↓

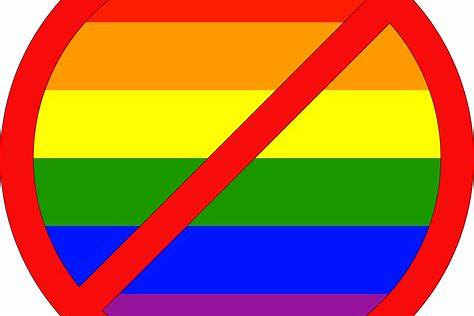 ANTI LGBT FLAG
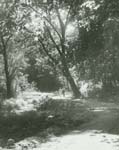 Students on the Slough Path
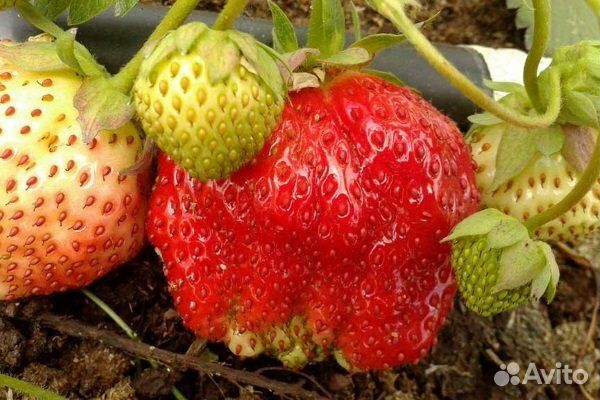 Рассада крупноплодный клубники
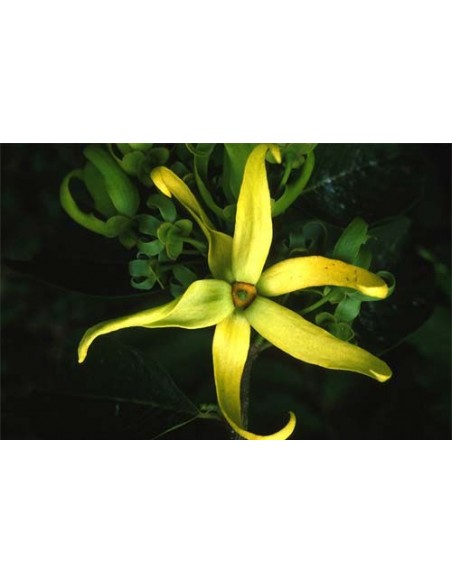 1 Ylang ylang (Cananga odorata) Ylan ylan Flores fragantes y llamativas. Annonaceae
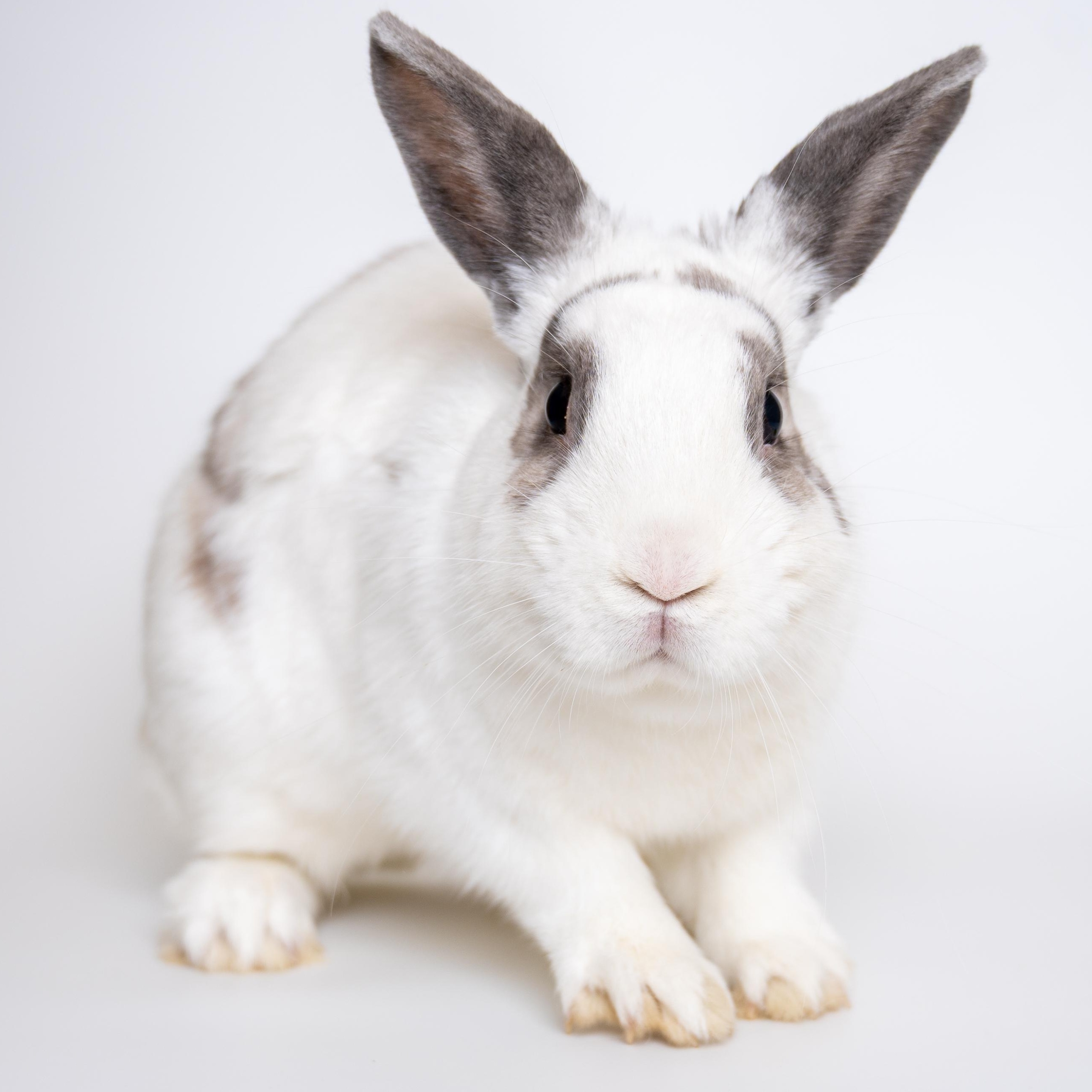 Chipmunk, a Adoptable mixed breed in Alliston, ON image 5/6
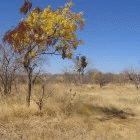 Healers in Zambia use this tree's bark to treat malaria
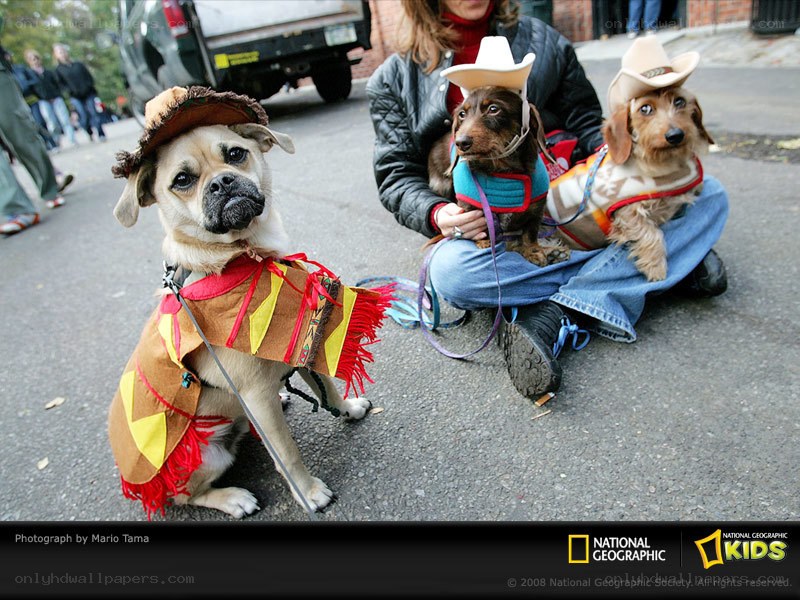Dogs in cowboy costumes
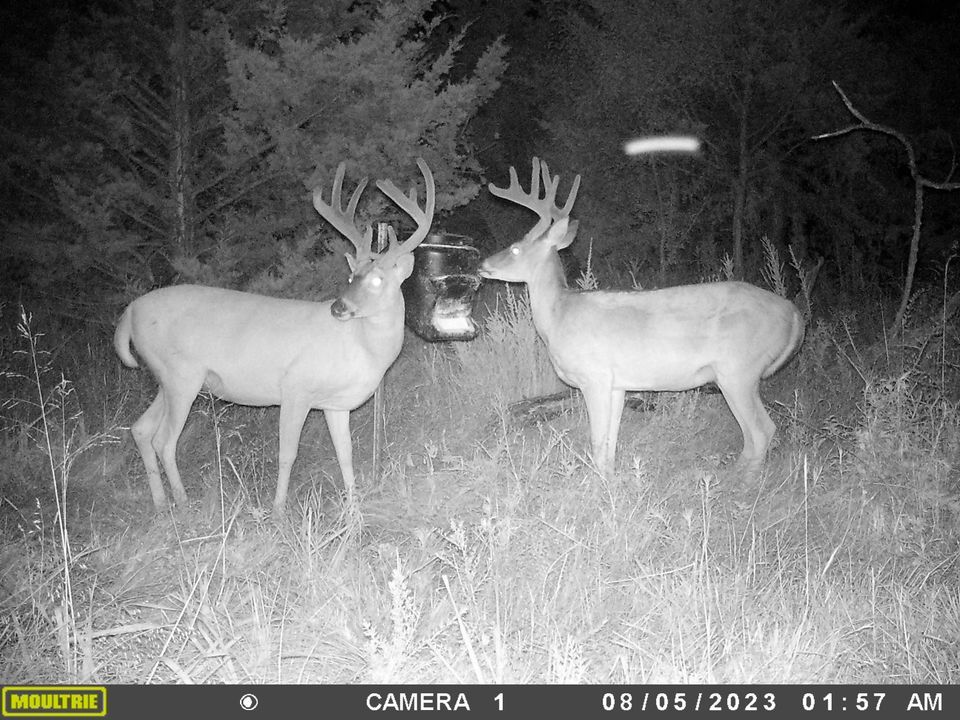 Enlarged photo by BR Outfitters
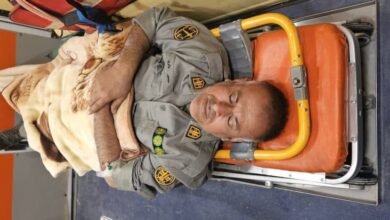 جنایت در کوهستان؛ حمله مستقیم خودروی شکارچیان به محیط‌بان لامردی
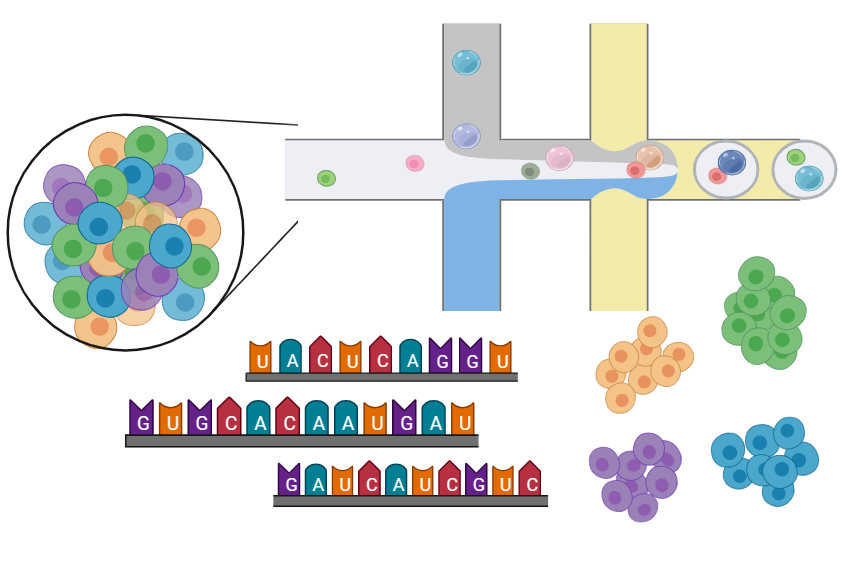 Single-cell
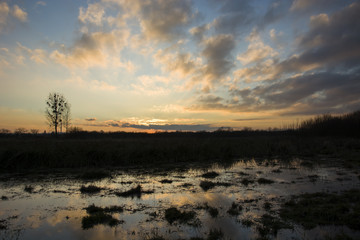 Fototapeta na wymiar Flooded meadow and clouds after sunset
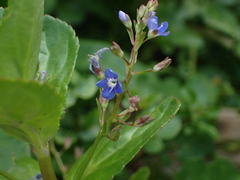 Veronica beccabunga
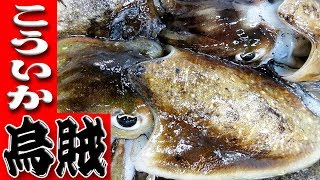 すみいかのさばき方（Cuttlefish）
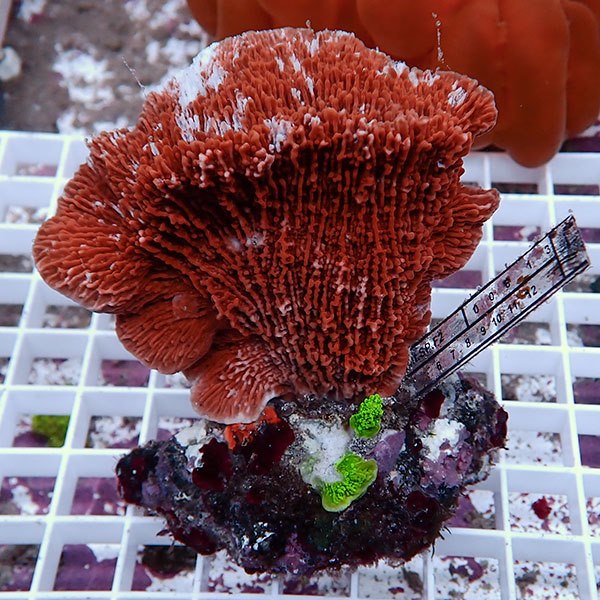 【サンゴ現物34】ウスコモンサンゴブリード ! 15時までのご注文で当日発送【ミドリイシ】(t214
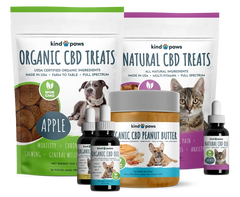 CBD Pet Products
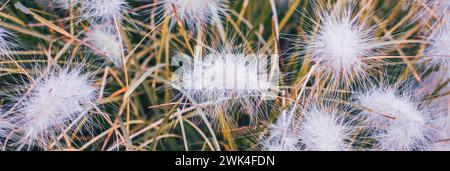 Nahaufnahme weiße Baumwollblumen Wiese Gras Foto. Weißes Poster Lagurus Ovatus. Gartenfotografie. Landschaft in der Herbstsaison. Qualitativ hochwertige Bilder Stockfoto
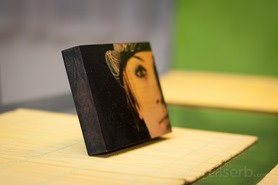 DSC_7951 DSC_7951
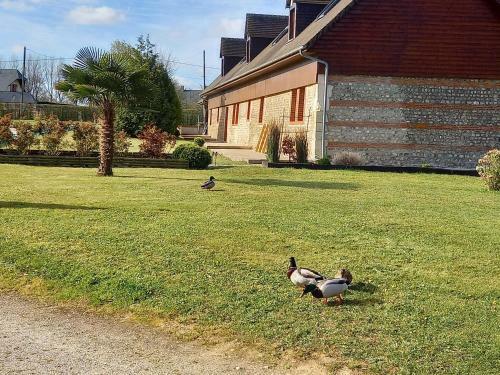 Bed & Breakfast Chambres Et Gites D'�tretat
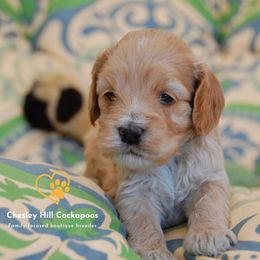 Cockapoo Puppies from Chesley Hill Cockapoos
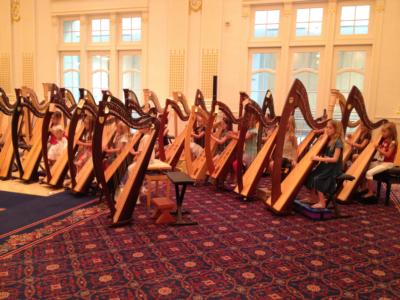 Jane Zopff | Mason, OH | Harp | Photo #7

↑

• [WHAT IS REQUIRED]: Please write out, word for word, each line from the one with "CBD Pet Products" to the last line of the data, keeping both ends and omitting pictures.

• [EXERCISE RESULT]:
 CBD Pet Products
 Nahaufnahme weiße Baumwollblumen Wiese Gras Foto. Weißes Poster Lagurus Ovatus. Gartenfotografie. Landschaft in der Herbstsaison. Qualitativ hochwertige Bilder Stockfoto
 DSC_7951 DSC_7951
 Bed & Breakfast Chambres Et Gites D'�tretat
 Cockapoo Puppies from Chesley Hill Cockapoos
 Jane Zopff | Mason, OH | Harp | Photo #7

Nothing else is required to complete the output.